==== MATERIALS PROVIDED

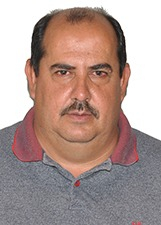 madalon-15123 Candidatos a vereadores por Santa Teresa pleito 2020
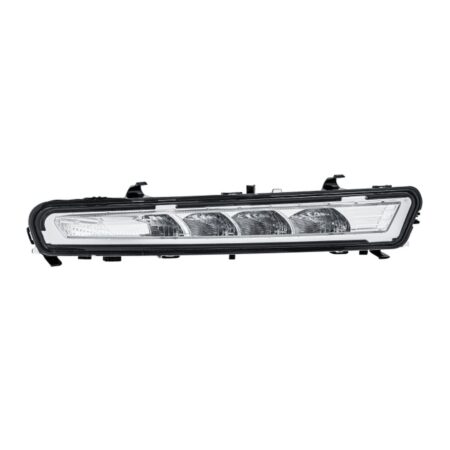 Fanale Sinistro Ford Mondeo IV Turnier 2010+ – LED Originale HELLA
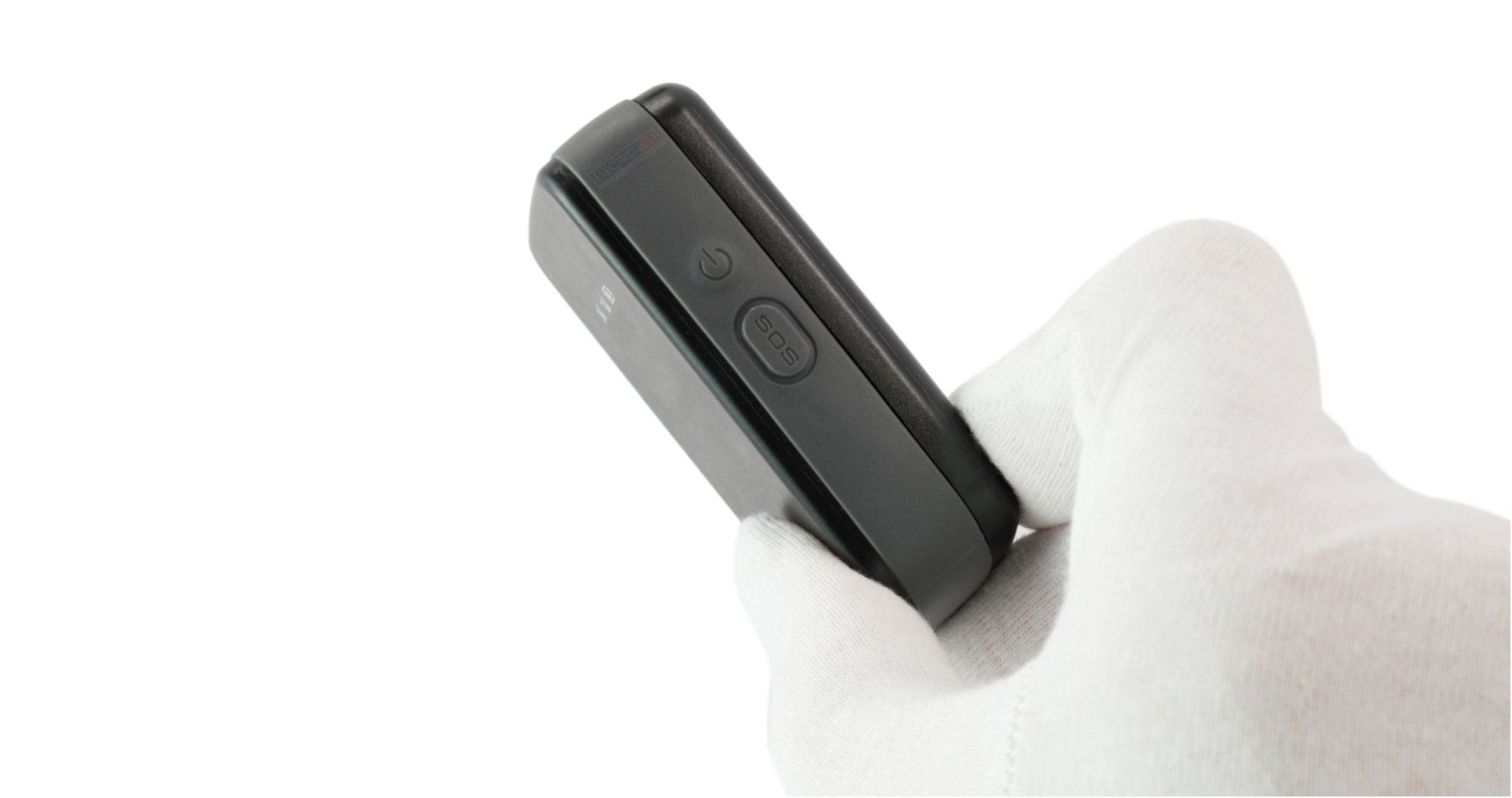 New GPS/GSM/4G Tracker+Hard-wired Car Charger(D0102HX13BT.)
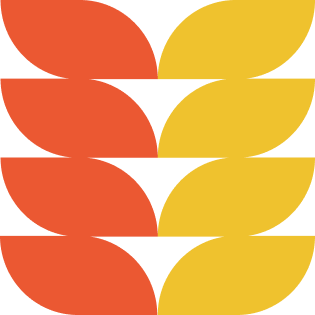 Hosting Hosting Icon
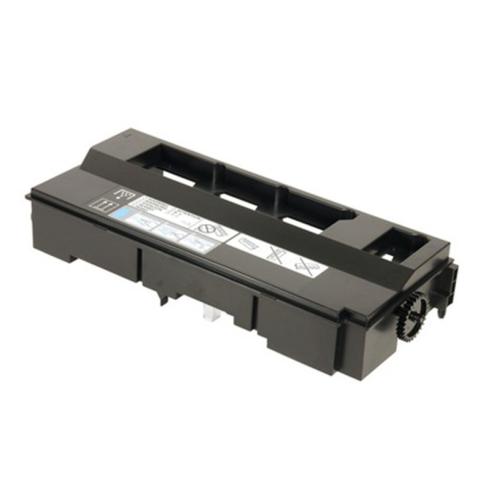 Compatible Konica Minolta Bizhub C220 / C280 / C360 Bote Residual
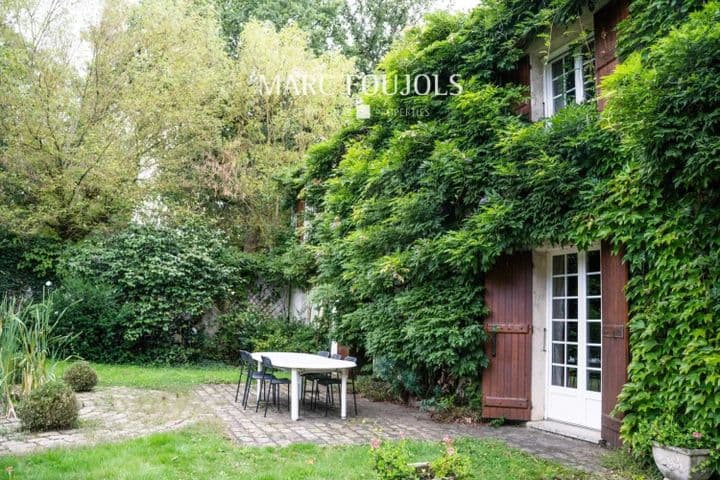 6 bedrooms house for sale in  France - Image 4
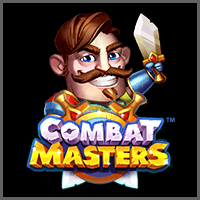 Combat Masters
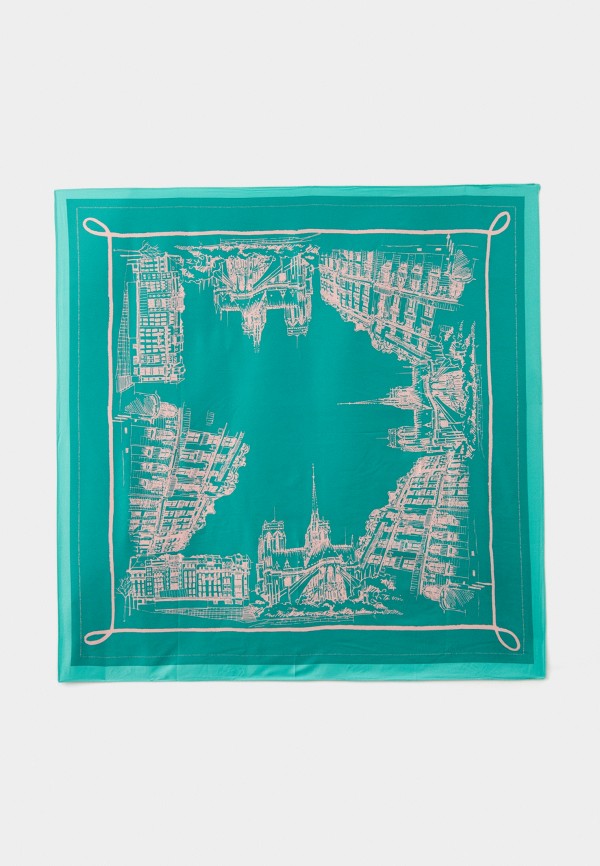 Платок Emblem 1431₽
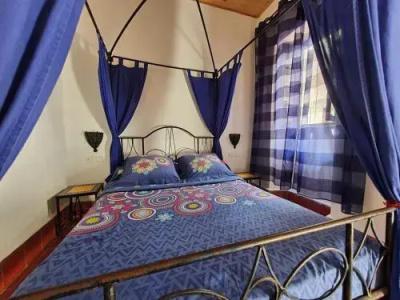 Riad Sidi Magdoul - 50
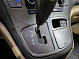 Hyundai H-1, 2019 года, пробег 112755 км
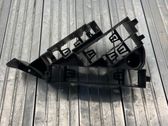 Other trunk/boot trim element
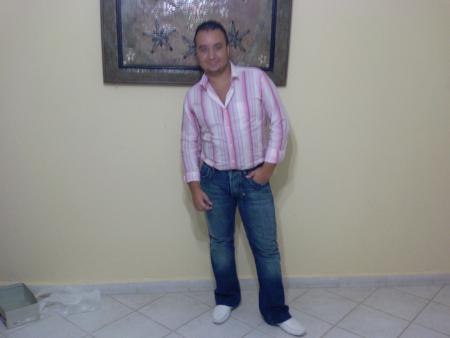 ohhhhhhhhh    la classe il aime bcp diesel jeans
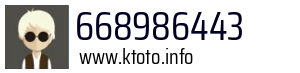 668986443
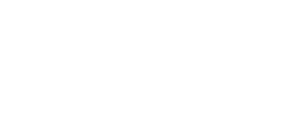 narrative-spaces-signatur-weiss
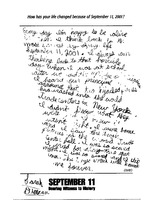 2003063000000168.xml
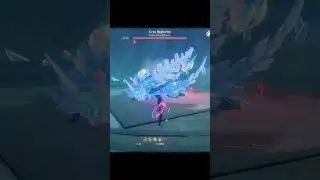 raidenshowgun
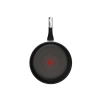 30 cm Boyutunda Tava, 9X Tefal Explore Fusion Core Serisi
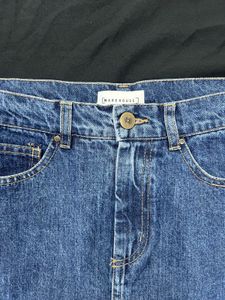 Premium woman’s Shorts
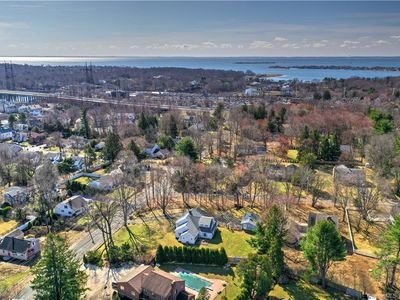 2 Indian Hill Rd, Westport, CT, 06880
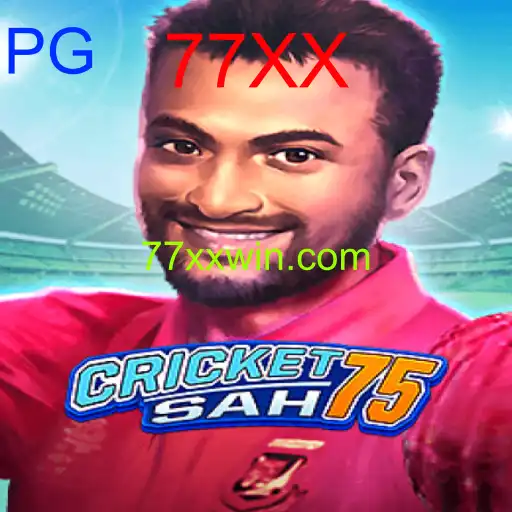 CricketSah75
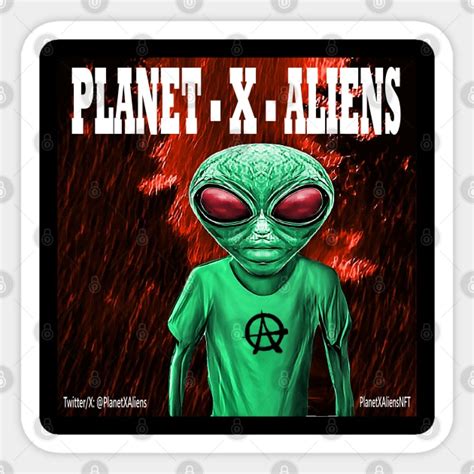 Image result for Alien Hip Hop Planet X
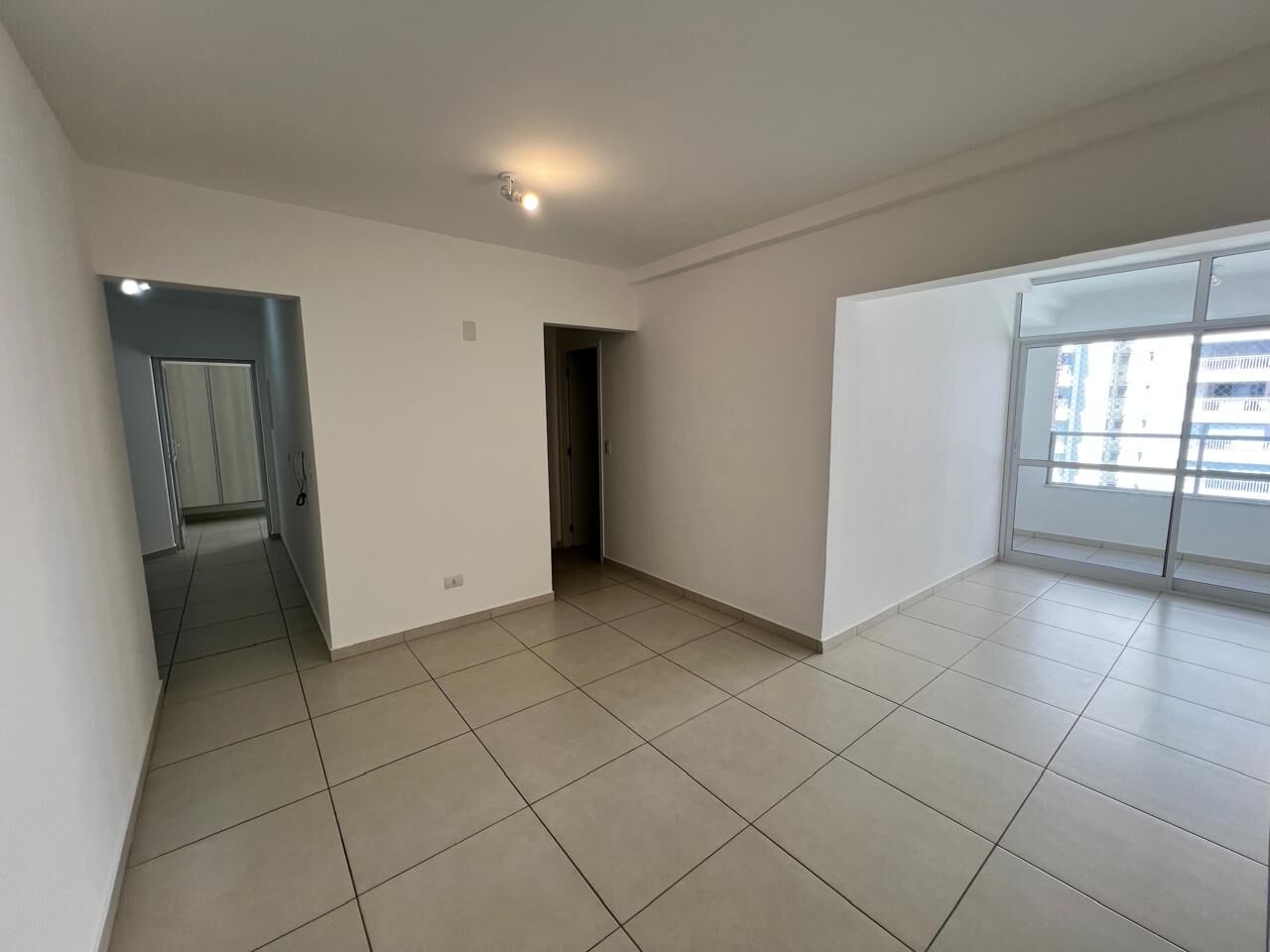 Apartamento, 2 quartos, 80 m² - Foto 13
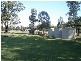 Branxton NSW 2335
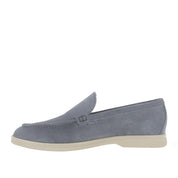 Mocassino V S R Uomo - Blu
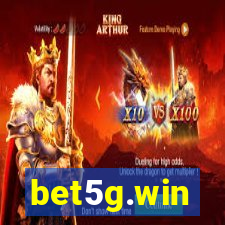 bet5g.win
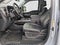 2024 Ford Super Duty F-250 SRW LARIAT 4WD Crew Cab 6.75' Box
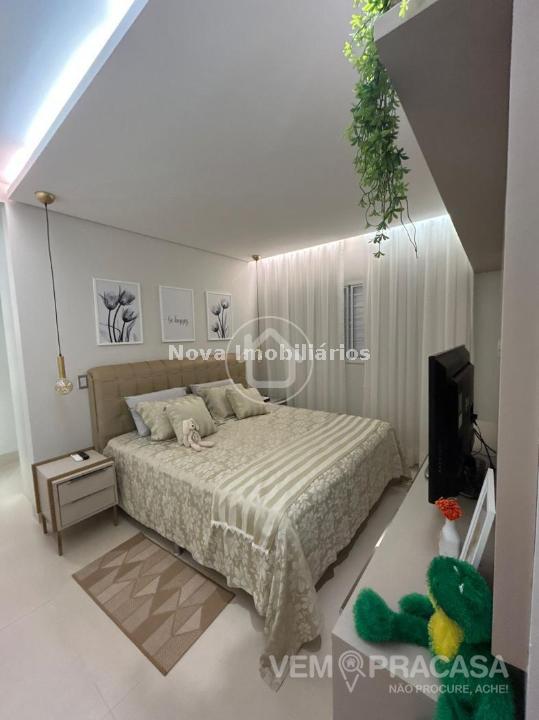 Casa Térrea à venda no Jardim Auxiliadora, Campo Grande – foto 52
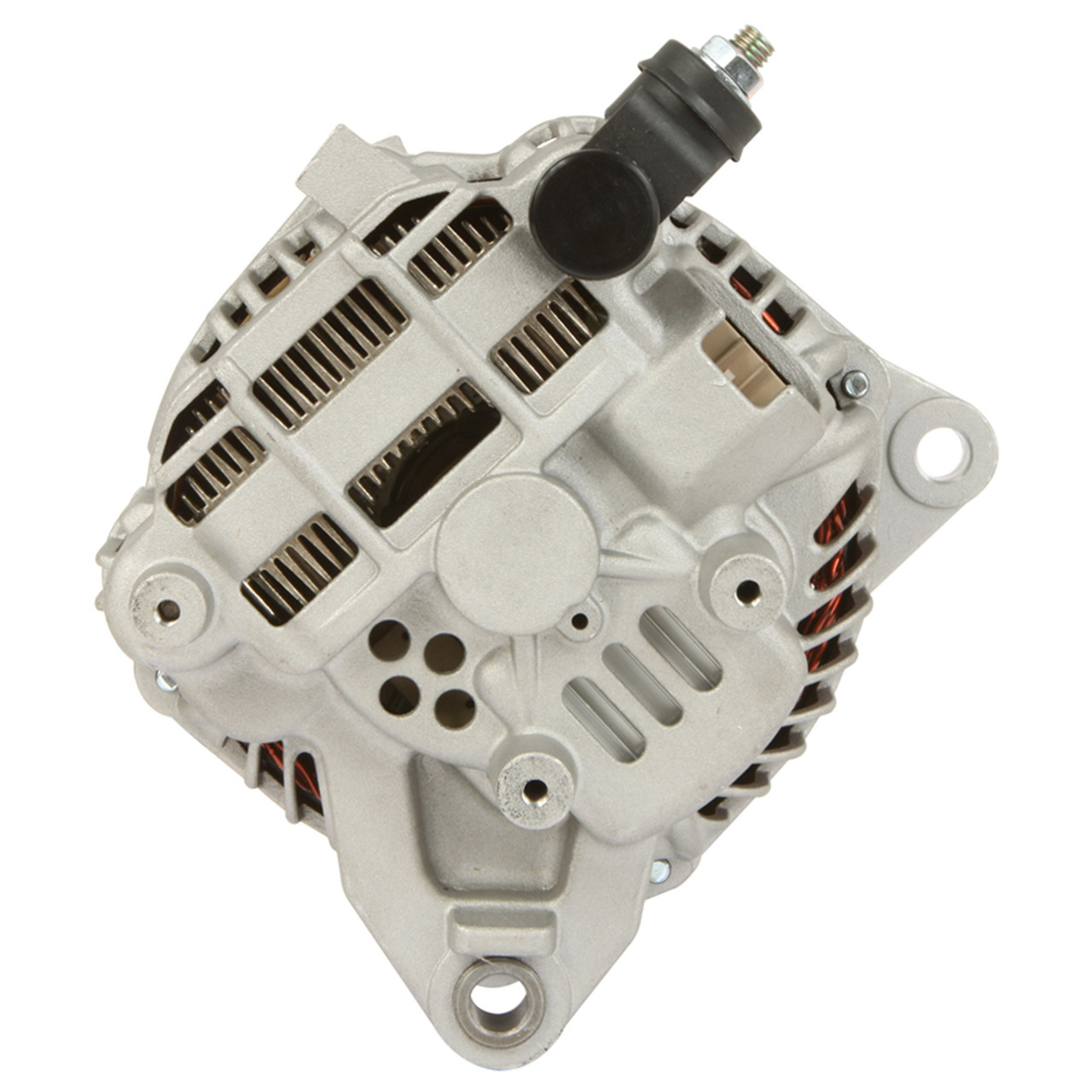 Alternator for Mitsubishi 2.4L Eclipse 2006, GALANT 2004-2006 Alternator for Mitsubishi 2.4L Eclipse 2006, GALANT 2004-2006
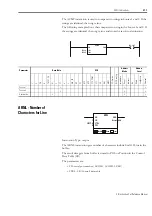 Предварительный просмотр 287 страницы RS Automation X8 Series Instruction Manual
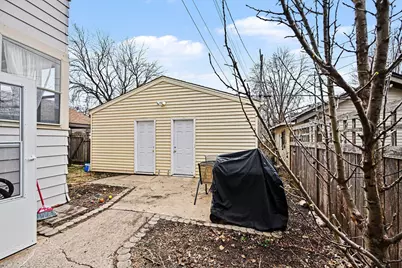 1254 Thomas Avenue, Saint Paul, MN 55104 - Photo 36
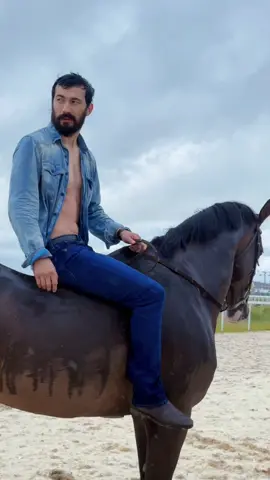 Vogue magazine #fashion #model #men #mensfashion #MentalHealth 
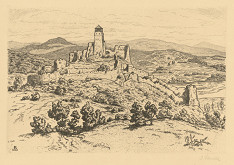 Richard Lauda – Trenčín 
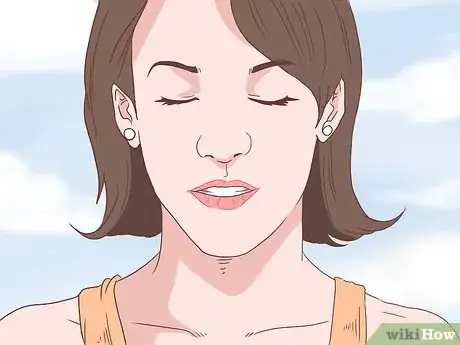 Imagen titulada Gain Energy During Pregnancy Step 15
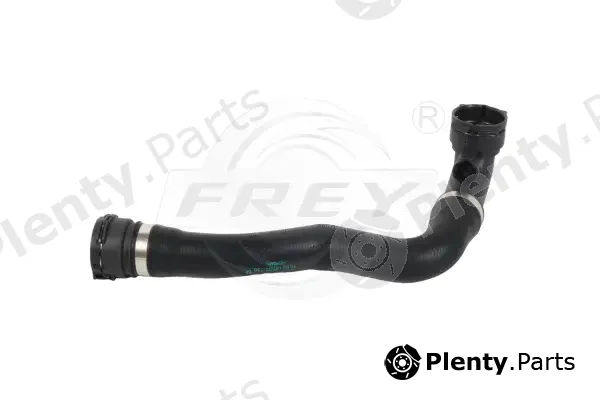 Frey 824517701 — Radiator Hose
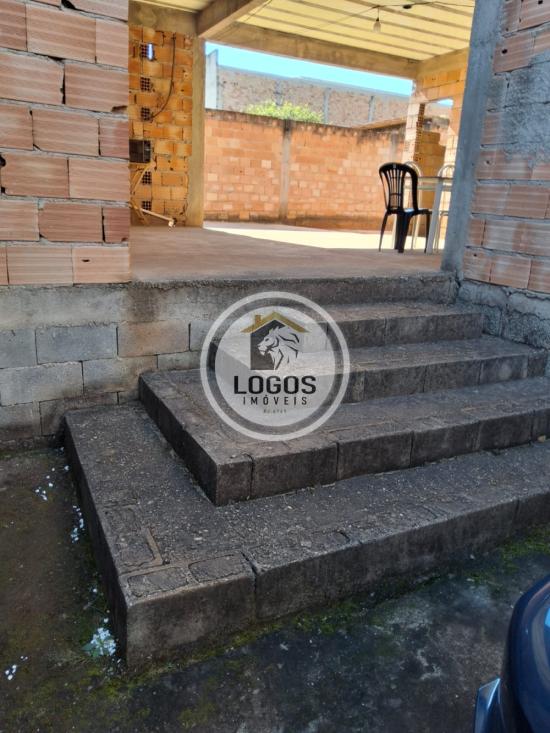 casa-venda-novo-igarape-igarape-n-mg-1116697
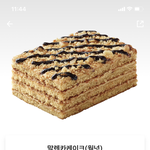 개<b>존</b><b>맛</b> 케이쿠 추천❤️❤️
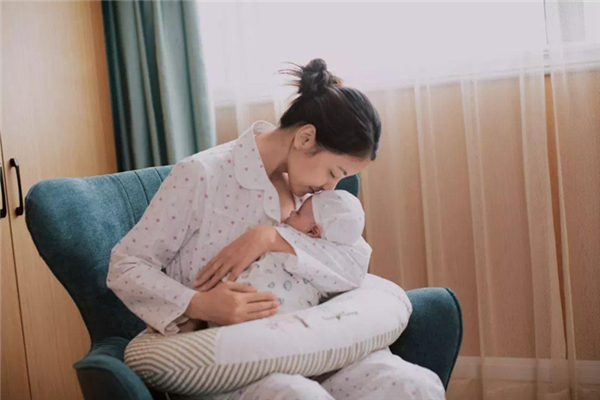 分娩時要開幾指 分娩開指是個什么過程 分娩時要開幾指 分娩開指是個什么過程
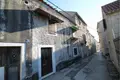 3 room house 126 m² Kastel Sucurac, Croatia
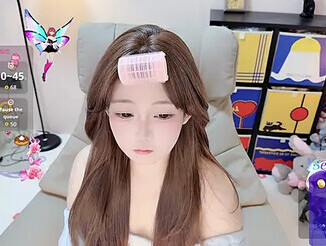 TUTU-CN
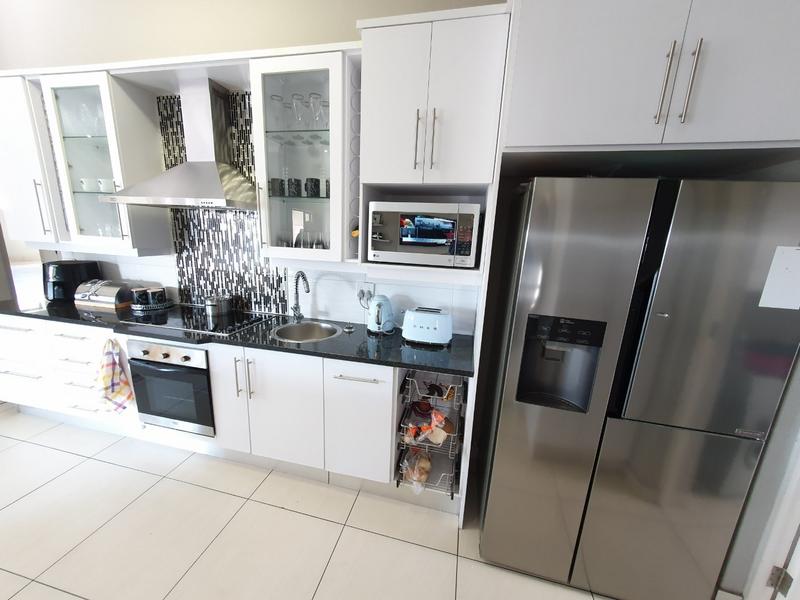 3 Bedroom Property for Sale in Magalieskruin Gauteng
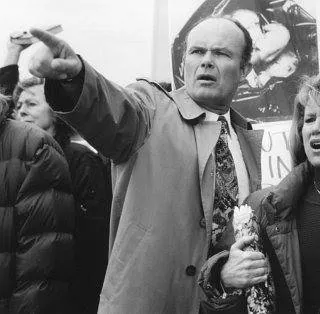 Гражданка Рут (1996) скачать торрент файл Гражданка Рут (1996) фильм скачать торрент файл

========

→ REQUIRED WORK:
Word for word, repeat only the lines from the line containing "Apartamento, 2 quartos, 80 m² - Foto 13" through the end of the data, without any pictures.

→ REPLY TO THE EXERCISE:
 Apartamento, 2 quartos, 80 m² - Foto 13
 Branxton NSW 2335
 Mocassino V S R Uomo - Blu
 bet5g.win
 2024 Ford Super Duty F-250 SRW LARIAT 4WD Crew Cab 6.75' Box
 Casa Térrea à venda no Jardim Auxiliadora, Campo Grande – foto 52
 Alternator for Mitsubishi 2.4L Eclipse 2006, GALANT 2004-2006 Alternator for Mitsubishi 2.4L Eclipse 2006, GALANT 2004-2006
 Предварительный просмотр 287 страницы RS Automation X8 Series Instruction Manual
 1254 Thomas Avenue, Saint Paul, MN 55104 - Photo 36
 Vogue magazine #fashion #model #men #mensfashion #MentalHealth 
 Richard Lauda – Trenčín 
 Imagen titulada Gain Energy During Pregnancy Step 15
 Frey 824517701 — Radiator Hose
 casa-venda-novo-igarape-igarape-n-mg-1116697
 개<b>존</b><b>맛</b> 케이쿠 추천❤️❤️
 分娩時要開幾指 分娩開指是個什么過程 分娩時要開幾指 分娩開指是個什么過程
 3 room house 126 m² Kastel Sucurac, Croatia
 TUTU-CN
 3 Bedroom Property for Sale in Magalieskruin Gauteng
 Гражданка Рут (1996) скачать торрент файл Гражданка Рут (1996) фильм скачать торрент файл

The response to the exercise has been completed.